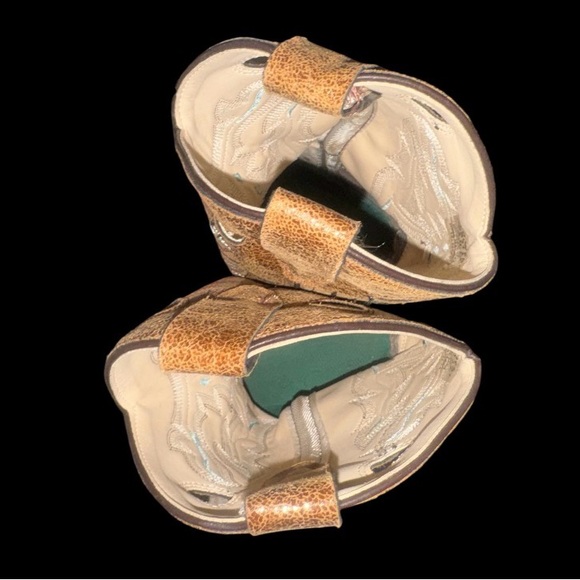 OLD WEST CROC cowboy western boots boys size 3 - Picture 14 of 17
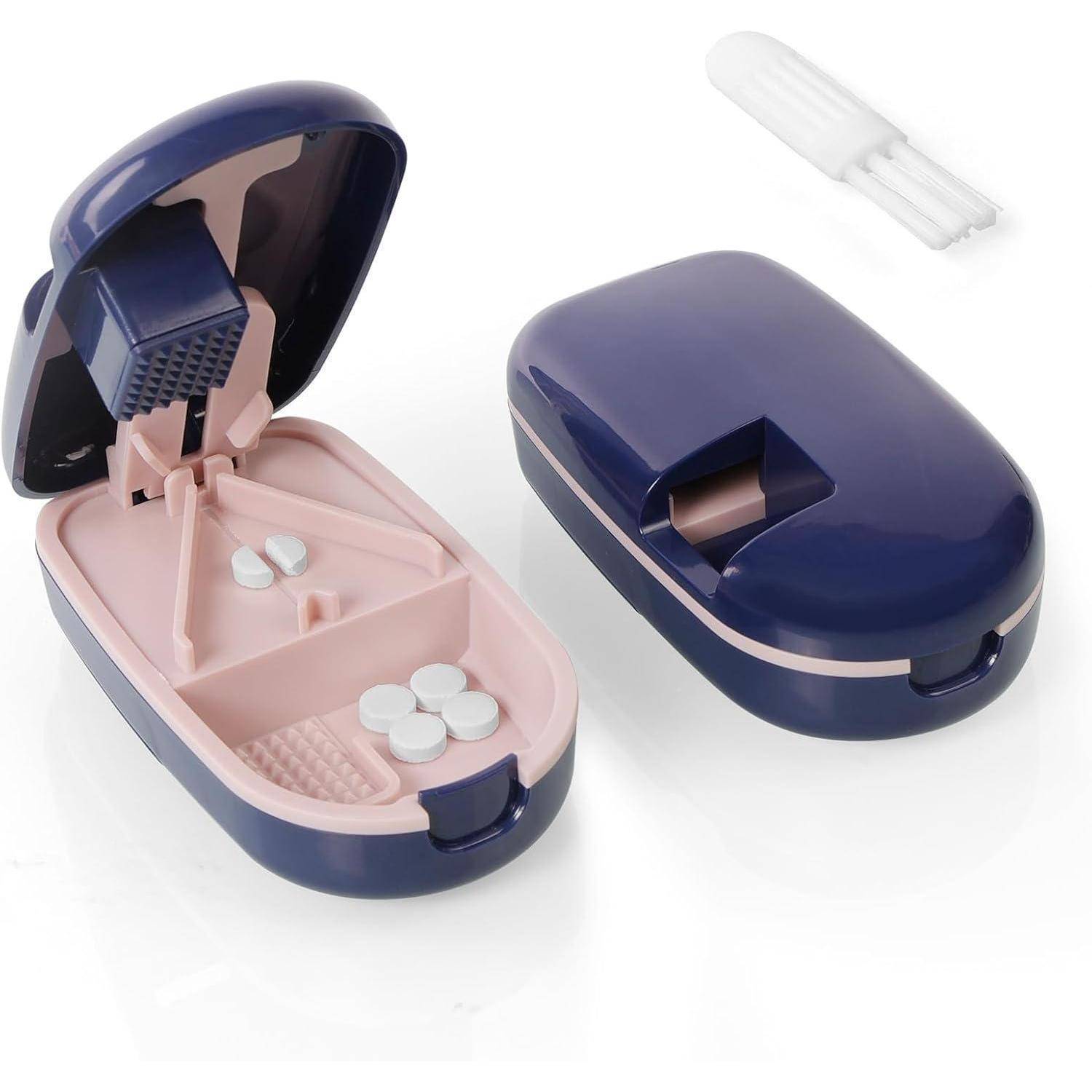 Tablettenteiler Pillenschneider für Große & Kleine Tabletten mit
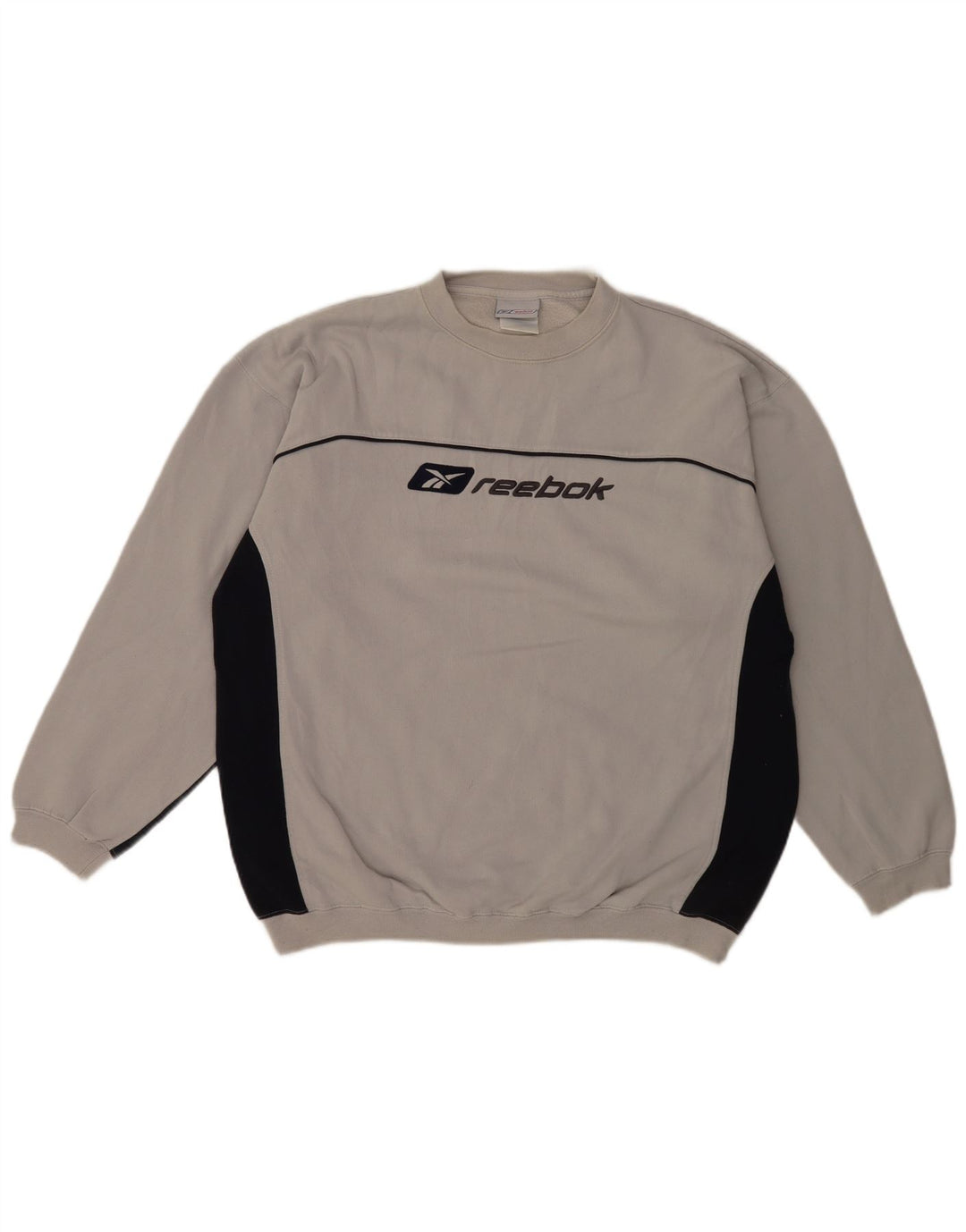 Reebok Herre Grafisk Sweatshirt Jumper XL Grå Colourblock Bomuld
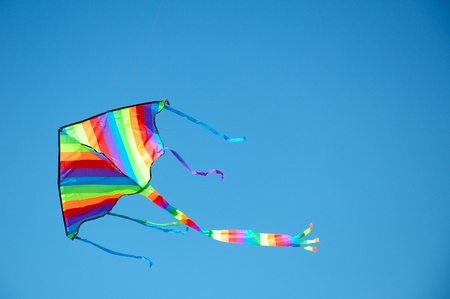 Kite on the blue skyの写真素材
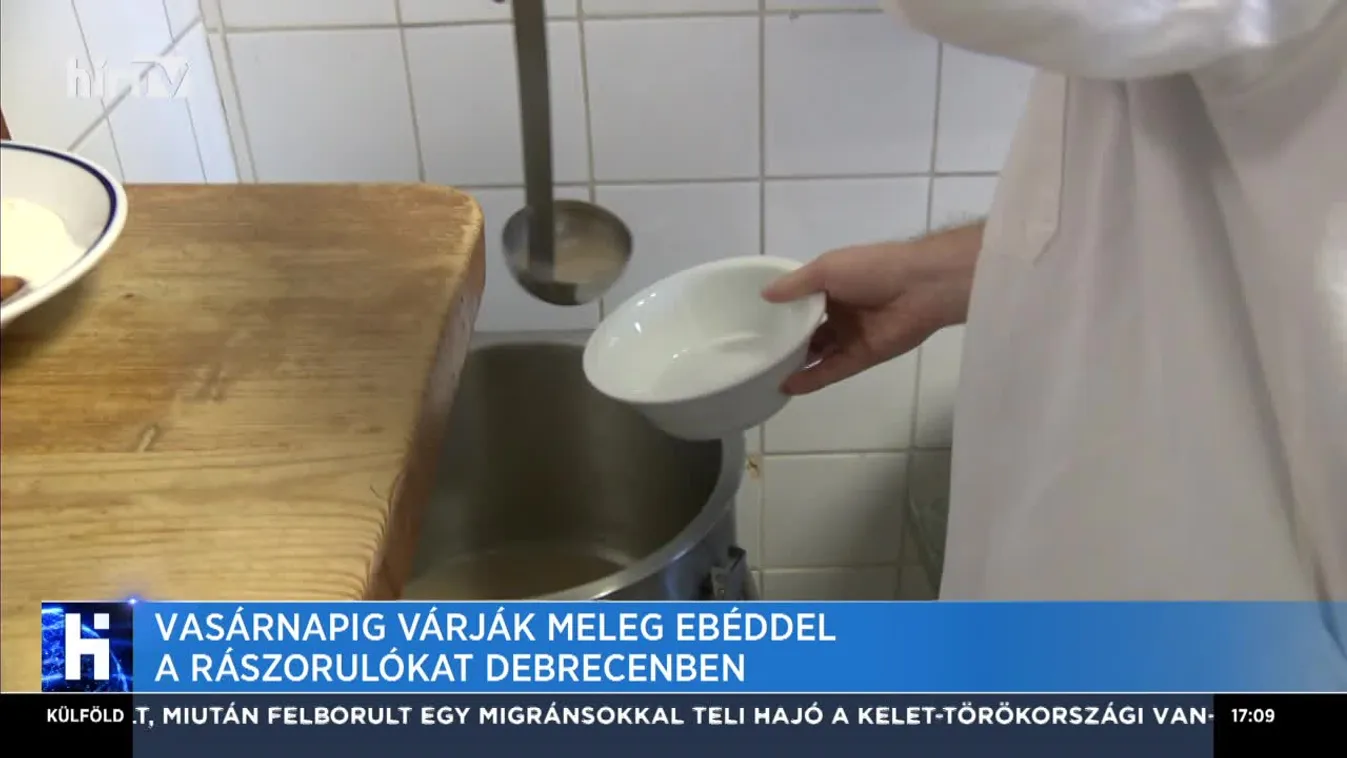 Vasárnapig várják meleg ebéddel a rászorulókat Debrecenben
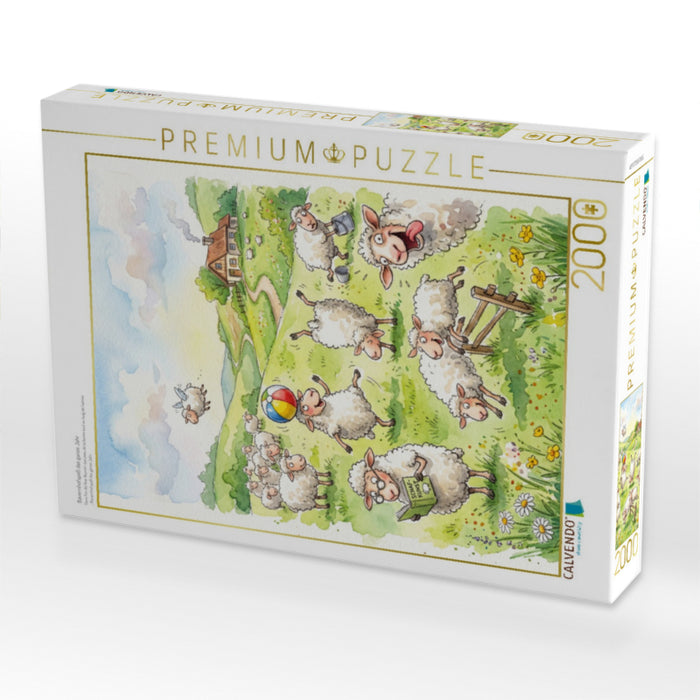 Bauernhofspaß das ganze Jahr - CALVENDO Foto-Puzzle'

========

* _WORK TO COMPLETE_
Return the records exactly as they stand, and drop every picture.

* _ANSWER TO THE EXERCISE_
 OLD WEST CROC cowboy western boots boys size 3 - Picture 14 of 17
 Tablettenteiler Pillenschneider für Große & Kleine Tabletten mit
 Reebok Herre Grafisk Sweatshirt Jumper XL Grå Colourblock Bomuld
 Kite on the blue skyの写真素材
 Vasárnapig várják meleg ebéddel a rászorulókat Debrecenben
 Bauernhofspaß das ganze Jahr - CALVENDO Foto-Puzzle'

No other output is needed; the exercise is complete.